Jesse Calaway Wootten (6 October 1836 - 22 January 1874) was a lawyer, editor, and newspaper founder in the United States.

Wootten was an editor of The Carrollton Advocate and a founder and editor of The Newnan Herald, which later became The Newnan Times-Herald.

==Career==
As a lawyer, Wootten was a partner in Black & Wootten, Attorneys at Law in Carrollton, Georgia.

In 1860, Wootten was one of a group "appointed by the Democratic Executive Committee of the State of Georgia, Sub-Electors for [. . .] counties in the 4th Congressional District," in which he represented Carroll County.

In 1860, Wootten sold his interest in The Carrollton Advocate, a newspaper founded earlier that year. Wootten wrote, "I will continue to edit it, however, and have otherwise unlimited control of its columns for a specified time longer."

In 1862, Wootten enlisted with Confederate forces to fight in the American Civil War. Wootten was the adjutant's clerk in the Georgia artillery's 12th Battalion. Wootten was discharged in 1863.

Wootten and fellow attorney J. S. Bigby founded The Newnan Herald in September 1865, "making it the first newspaper founded and published in Georgia after the end of the Civil War." Its first issue was published on 9 September 1865, with Wootten as editor. The paper eventually became The Newnan Times-Herald.

==Personal life==
Wootten was born on 6 October 1836 to Henry Pope Wootten and Melissa Caroline Wootten (née Hinton) in Wilkes County, Georgia.

In 1859, Wootten married Frances Jane Dent. They had four children.

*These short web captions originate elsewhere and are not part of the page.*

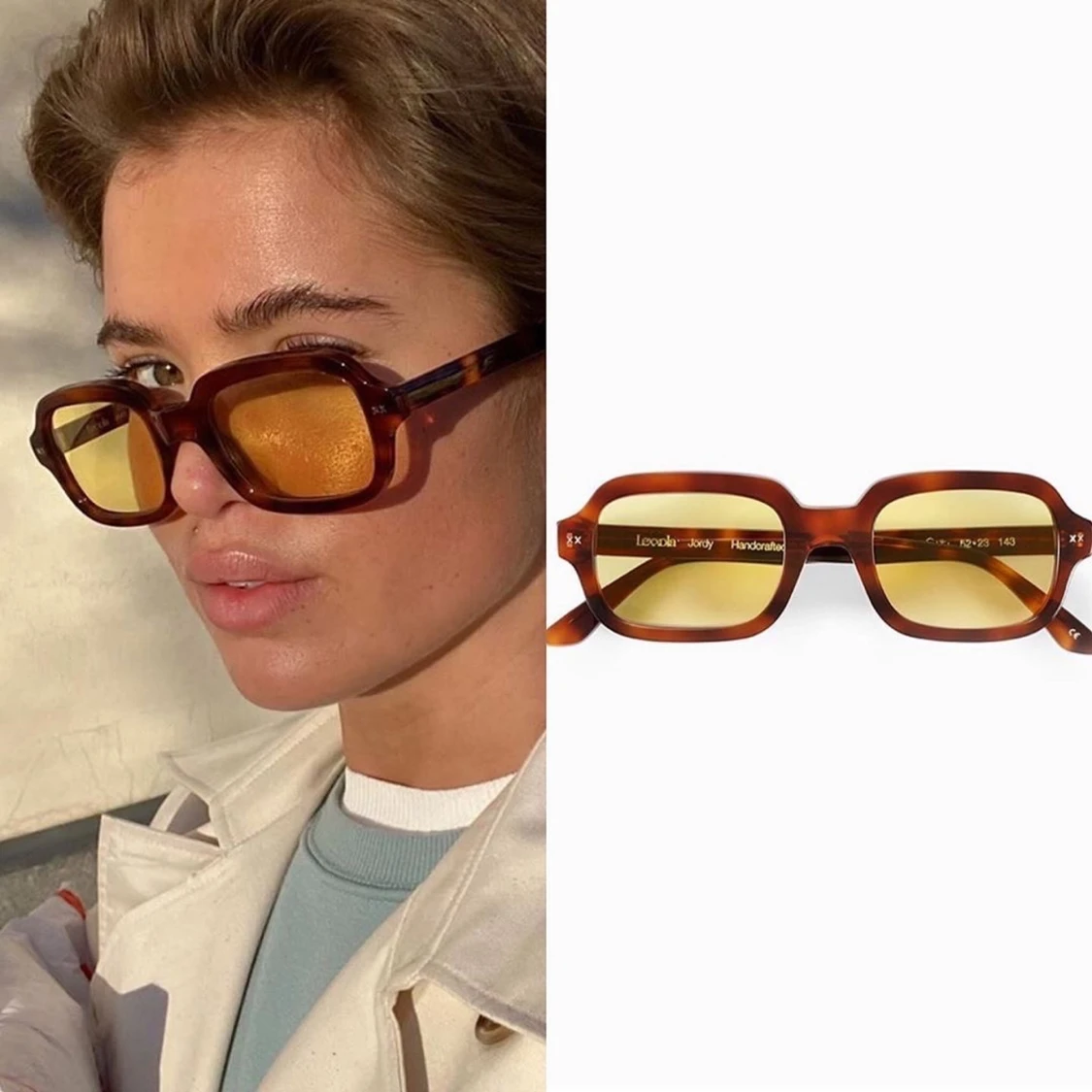 Solglasögon (lexxola) - 90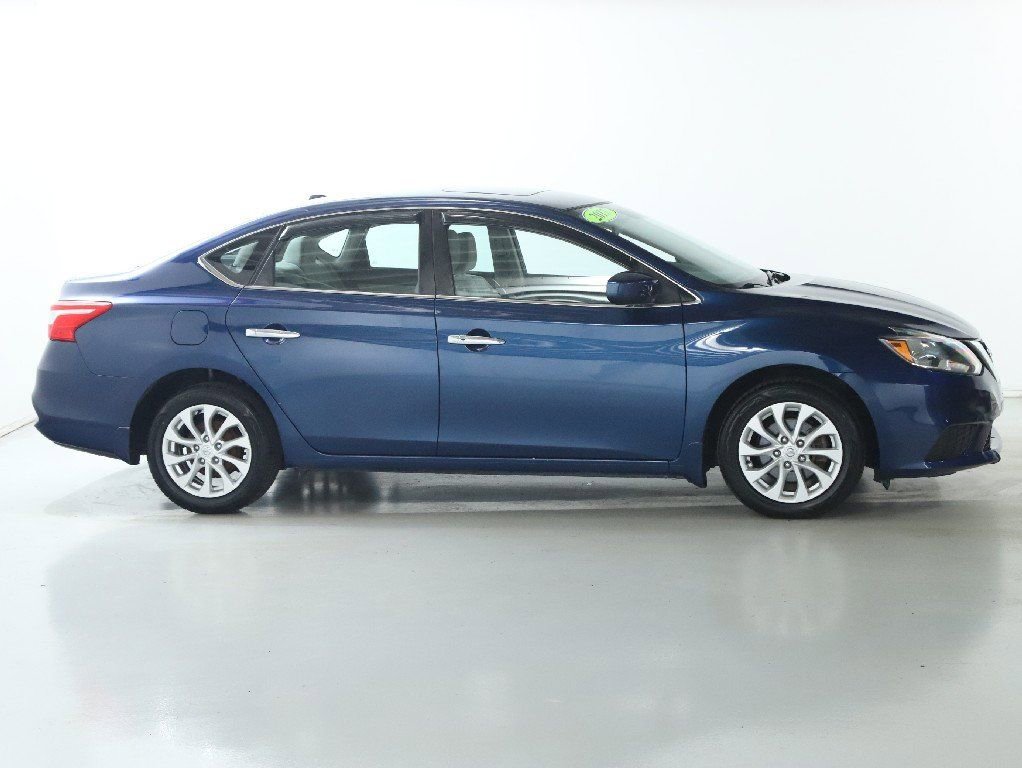 Used 2017 Nissan Sentra SV w/ Style Package image 11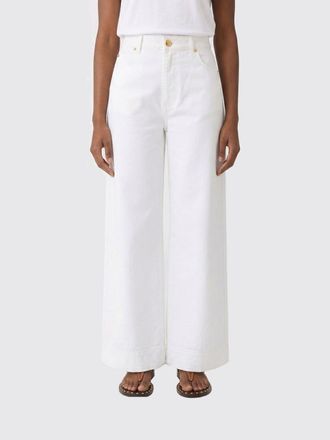 Alberta Ferretti Pantaloni Alberta Ferretti in cotone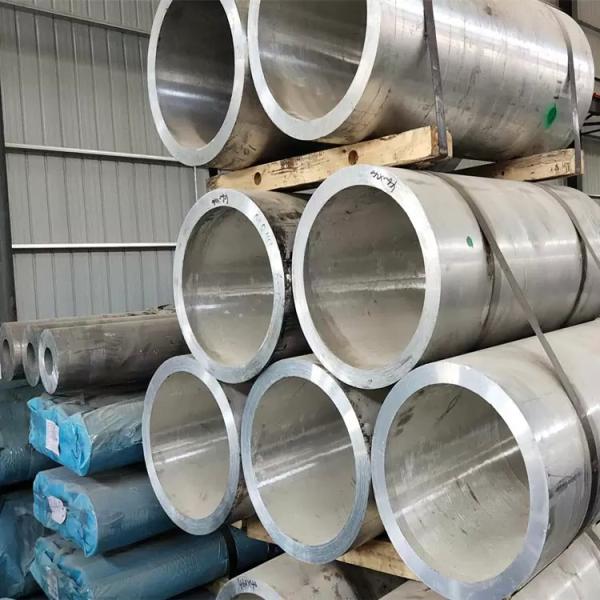 6061 T6 2 Inch Aluminum Pipe Decoiling Bending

Wootten died on 22 January 1874. Wootten's obituary in The Newnan Herald, published on 6 February 1874, included the following: "As an editor his pen was active in advocating such measures as he believed to be of local or general advantage. Scrupulously avoiding all personalities and unjust criticisms, he endeavored to make his paper a model of high toned and dignified journalism."

Wootten was a great-grandparent of Lucius Linton Deck, Junior.